##### Data for processing
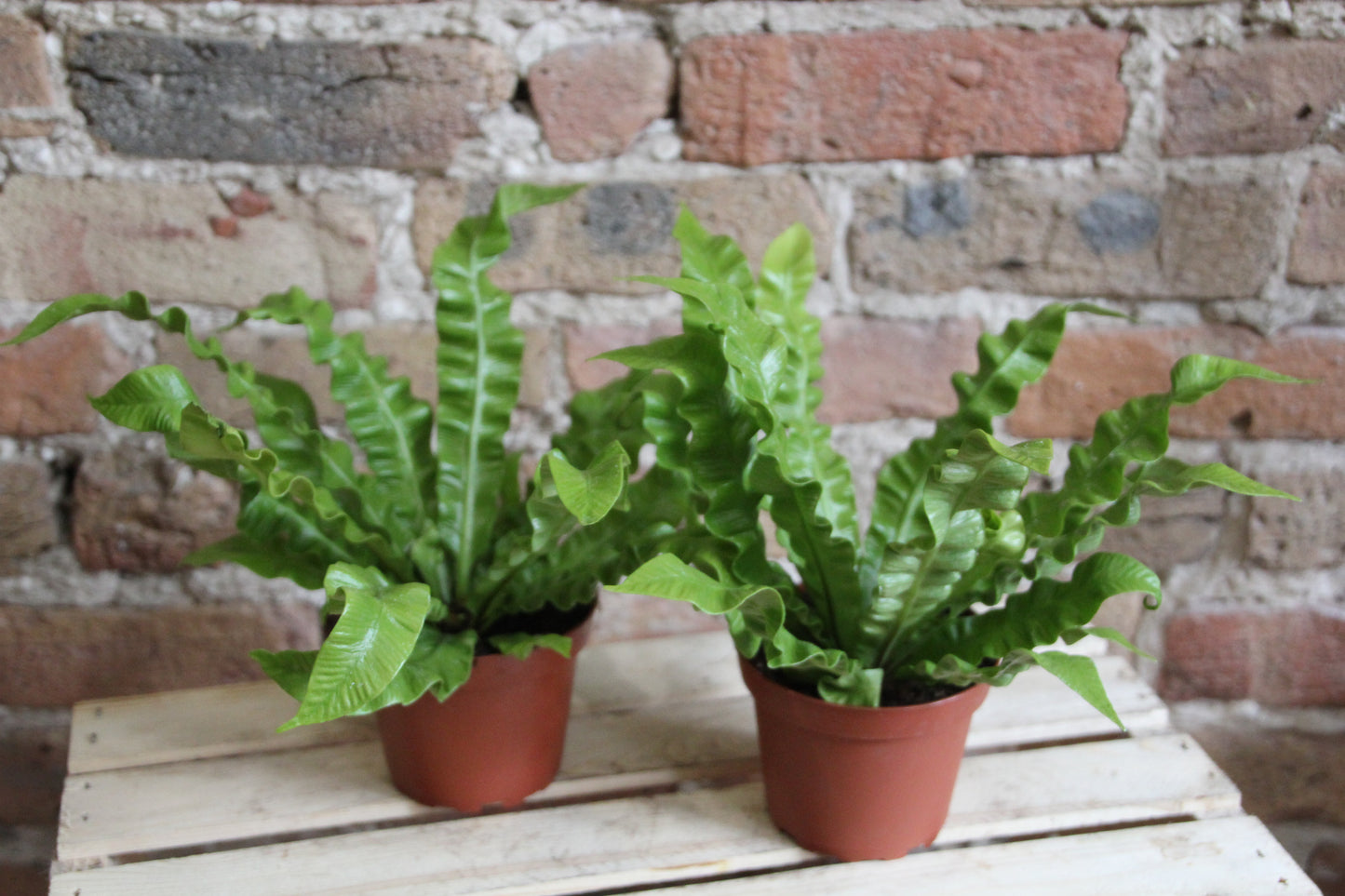 Bird's Nest Fern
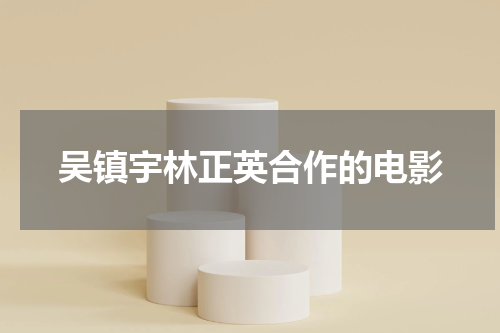 吴镇宇林正英合作的电影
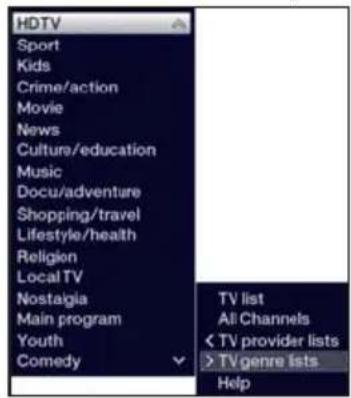 TECHNISAT TechniVision 22 HD - Selecting a list - 1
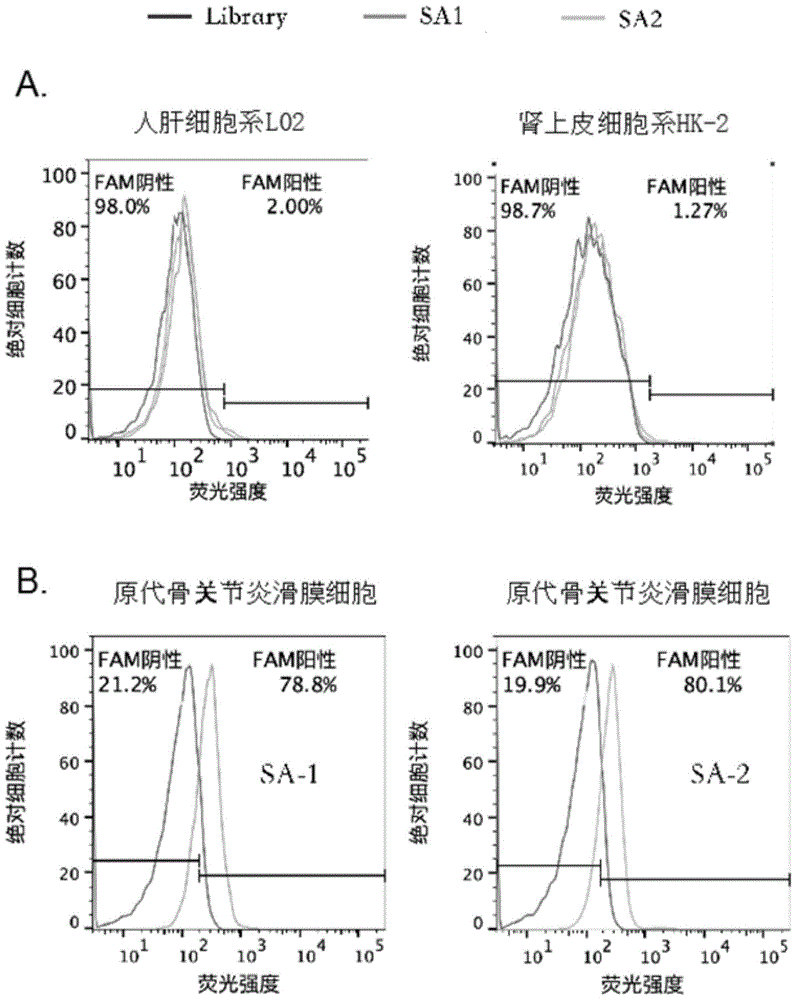 特异性靶向骨性关节炎滑膜细胞的修饰碱基适配体及其应用的制作方法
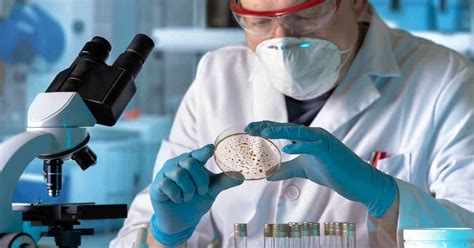 BD unveils upgrade to BD Kiestra microbiology lab solution | LabPulse.com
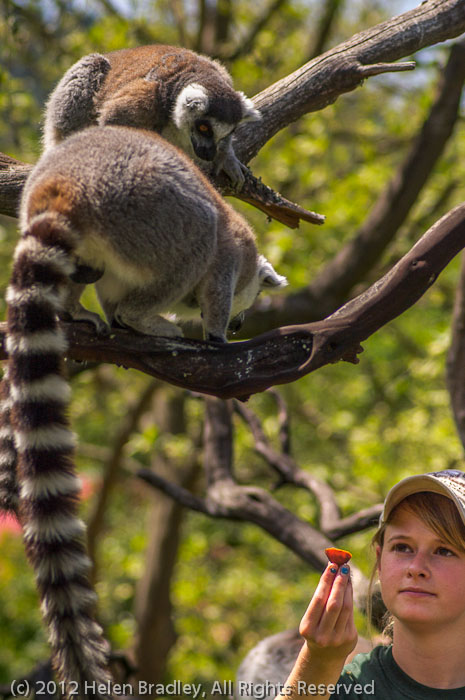 Ring Tail Lemurs and keeper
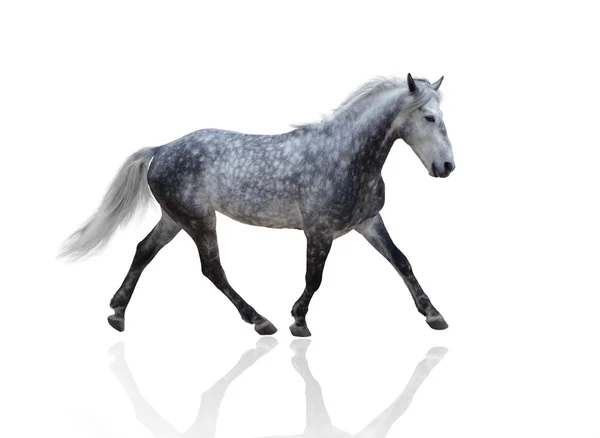 Isolate of a gray horse go on the white background — Stock Photo, Image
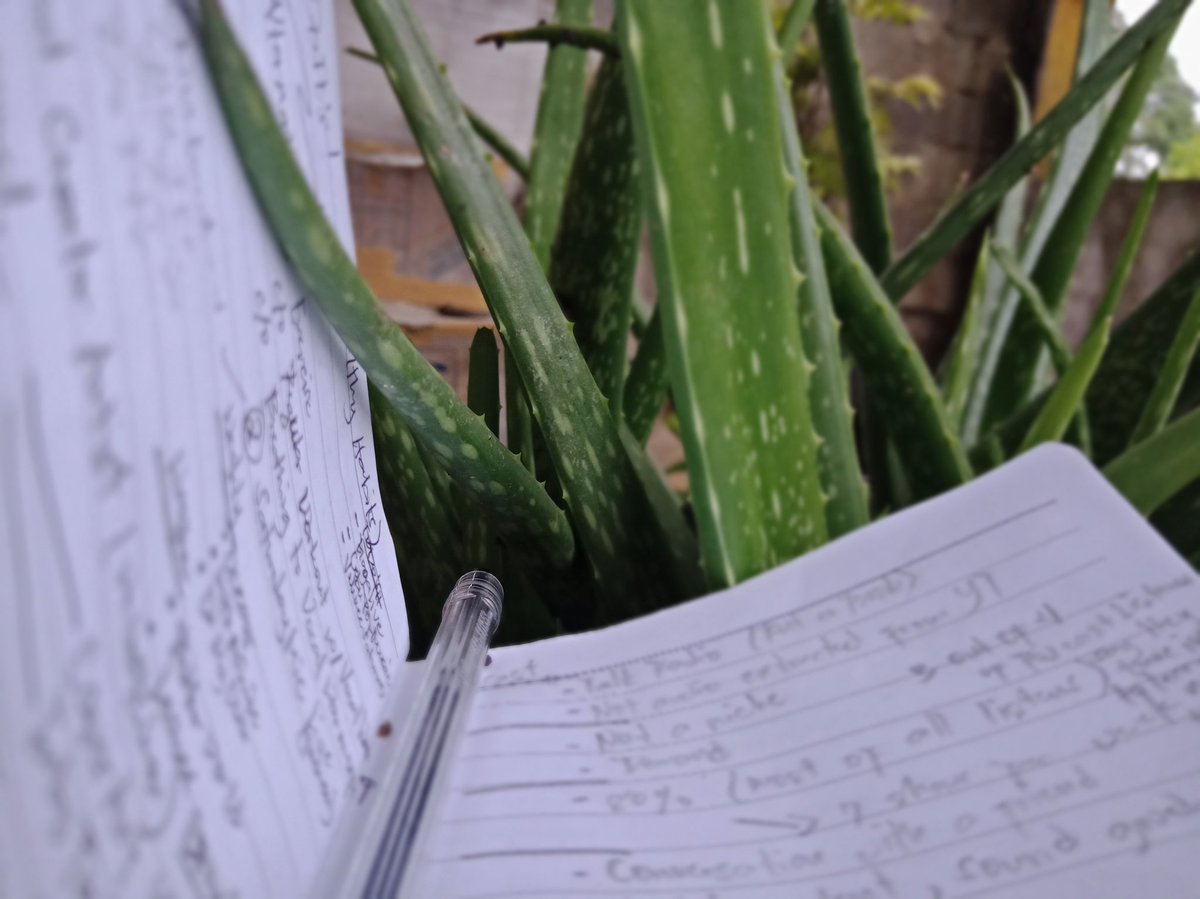 LauWSScenes29's tweet image. #SharedThoughts

Slow is fast, everything takes time.

You&apos;ll get there.

Dasig #BisDak😊😁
##########
> [Activity]: Restate word for word the lines starting at the one that contains "特异性靶向骨性关节炎滑膜细胞的修饰碱基适配体及其应用的制作方法" and ending at the last line of the data. Skip every picture.

> [Response below]:
 特异性靶向骨性关节炎滑膜细胞的修饰碱基适配体及其应用的制作方法
 BD unveils upgrade to BD Kiestra microbiology lab solution | LabPulse.com
 Ring Tail Lemurs and keeper
 Isolate of a gray horse go on the white background — Stock Photo, Image
 LauWSScenes29's tweet image. #SharedThoughts

Slow is fast, everything takes time.

You&apos;ll get there.

Dasig #BisDak😊😁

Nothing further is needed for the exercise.